I rated Lowe well enough to be an AB. Remember we were picking the likes of George Bridge above such players so theres no disputing a lot of bad decisions have been made by those last two coaches. Does a team like the ABs need a finicky winger who you have to adapt and change a lot of your style with to get benefit from? No, not really. But he still would have been a basic improvement on players like even Savea at the tail of his career, Bridge, and could even have converted into the answer of replacing Beauden at the back. Instead we persisted with NMS, Naholo, Havili, Reece, all players we would have cared even less about losing and all because Rieko had Lowe's number 11 jersey nailed down.


He was of course only 23 when he decided to leave, it was back in the beggining of the period they had started retaining players (from 2018 onwards I think, they came out saying theyre going to be more aggressive at some point). So he might, all of them, only just missed out.


The main point that Ed made is that situations like Lowe's, Aki's, JGP's, aren't going to happen in future. That's a bit of a "NZ" only problem, because those players need to reach such a high standard to be chosen by the All Blacks, were as a country like Ireland wants them a lot earlier like that.

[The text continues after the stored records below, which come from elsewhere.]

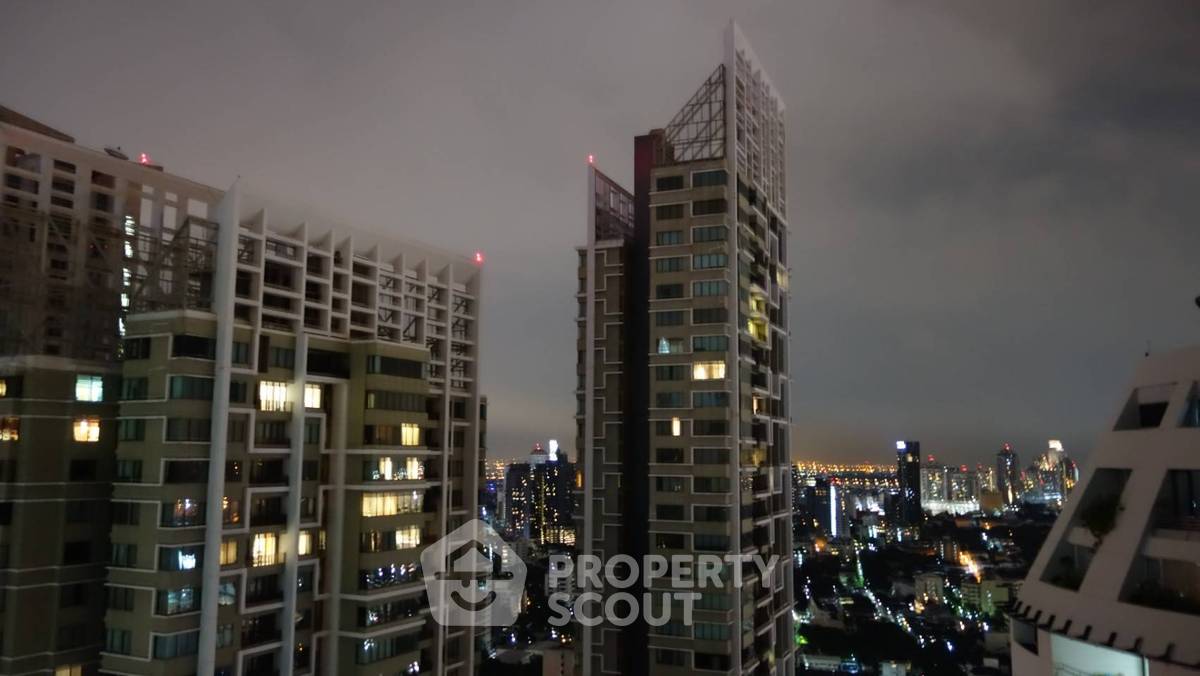 รูป คอนโด 1-ห้องนอน ที่ เดอะ ลุมพินี 24 ใกล้ BTS พร้อมพงษ์ (ID 825468) - รูปที่ 5/6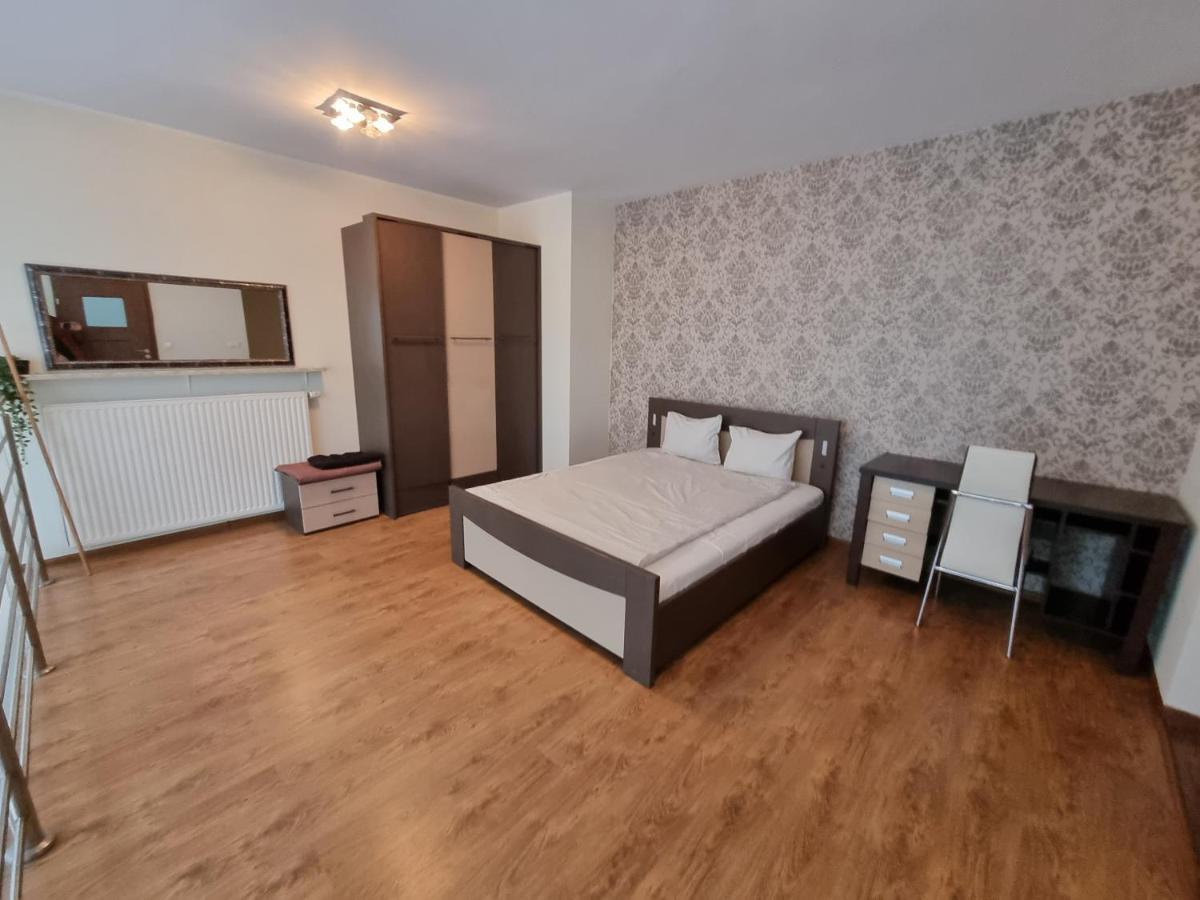 Senator Warsaw Apartments Esterno foto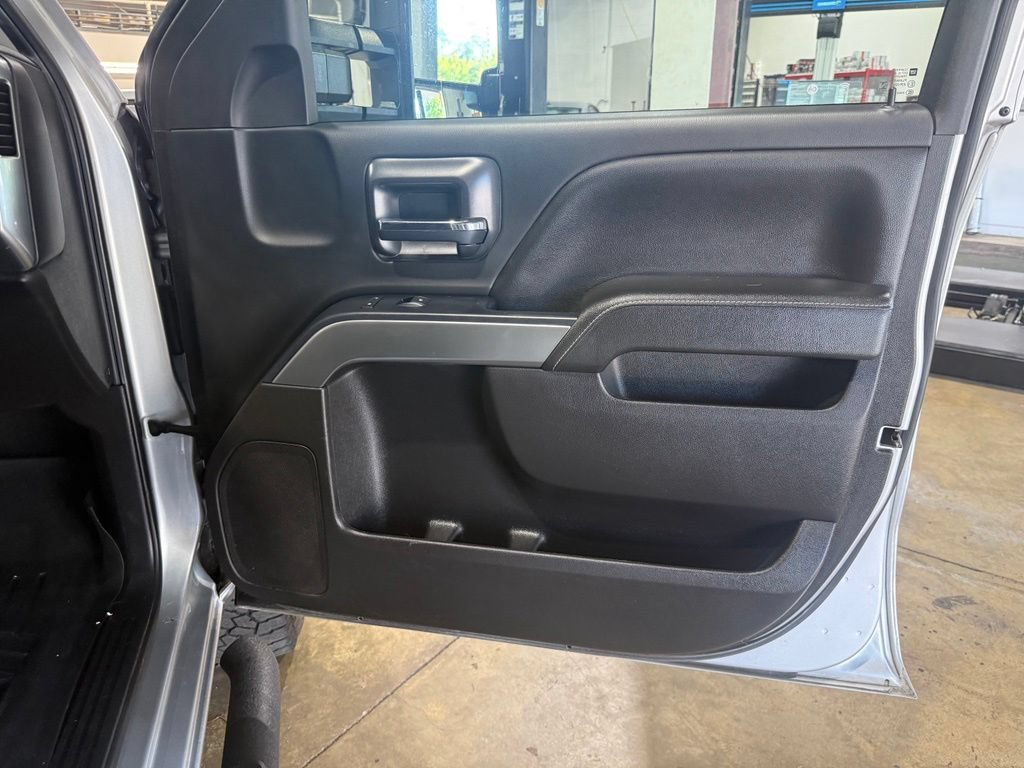 Used 2019 Chevrolet Silverado 2500 LT w/ LT Convenience Package AWD/4WD image 45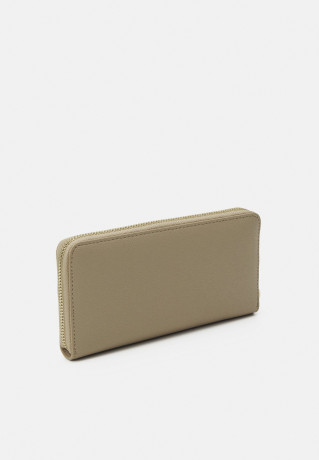 Tommy Hilfiger TIMELESS LARGE DEBOSS Wallet beige TIMELESS LARGE DEBOSS Бумажник бежевый
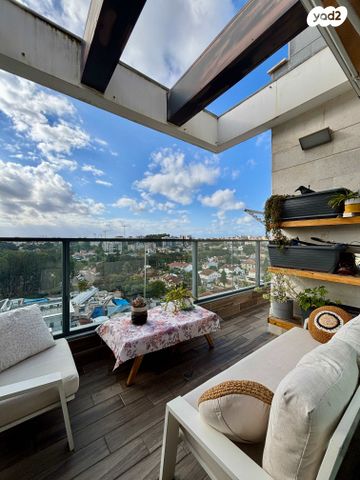 דופלקס, וייצמן 131, רעננה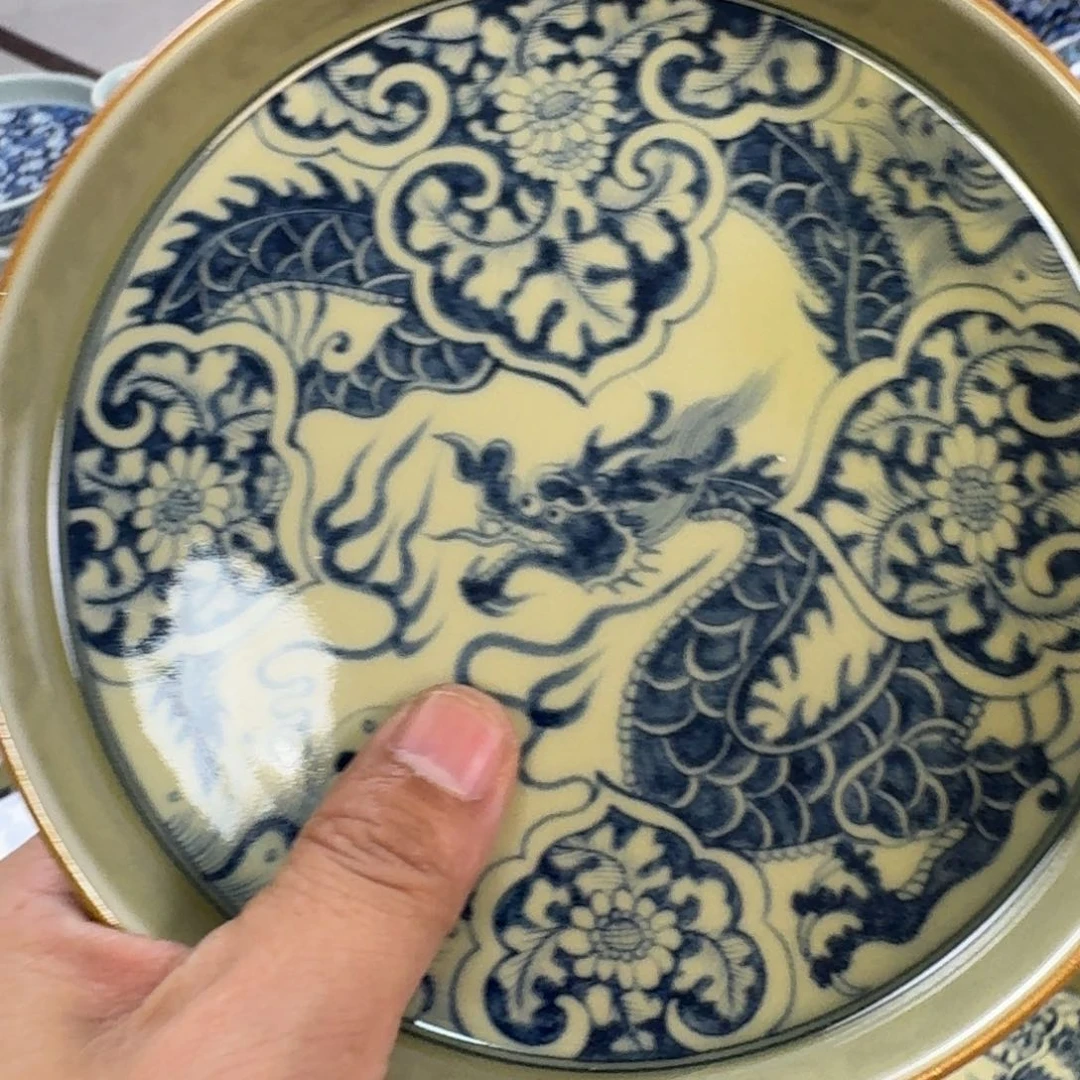 摆件二号釉如意穿花龙大壶承微瑕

This is basically the 'ready in 3 years' concept Ireland relied on, versus the '5 years and they've left' concept' were that player is now ready to be chosen by the All Blacks (given a contract to play Super, ala SBW, and hopefully Manu).


The 'mercenary' thing that will take longer to expire, and which I was referring to, is the grandparents rule. The new kids coming through now aren't going to have as many gp born overseas, so the amount of players that can leave with a prospect of International rugby offer are going to drop dramatically at some point. All these kiwi fellas playing for a PI, is going to stop sadly.


The new era problem that will replace those old concerns is now French and Japanese clubs (doing the same as NRL teams have done for decades by) picking kids out of school. The problem here is not so much a national identity one, than it is a farm system where 9 in 10 players are left with nothing. A stunted education and no support in a foreign country (well they'll get kicked out of those countries were they don't in Australia).


It's the same sort of situation were NZ would be the big guy, but there weren't many downsides with it. The only one I can think was brought up but a poster on this site, I can't recall who it was, but he seemed to know a lot of kids coming from the Islands weren't really given the capability to fly back home during school xms holidays etc. That is probably something that should be fixed by the union. Otherwise getting someone like Fakatava over here for his last year of school definitely results in NZ being able to pick the cherries off the top but it also allows that player to develop and be able to represent Tonga and under age and possibly even later in his career. Where as a kid being taken from NZ is arguably going to be worse off in every respect other than perhaps money. Not going to develop as a person, not going to develop as a player as much, so I have a lotof sympathy for NZs case that I don't include them in that group but I certainly see where you're coming from and it encourages other countries to think they can do the same while not realising they're making a much worse experience/situation.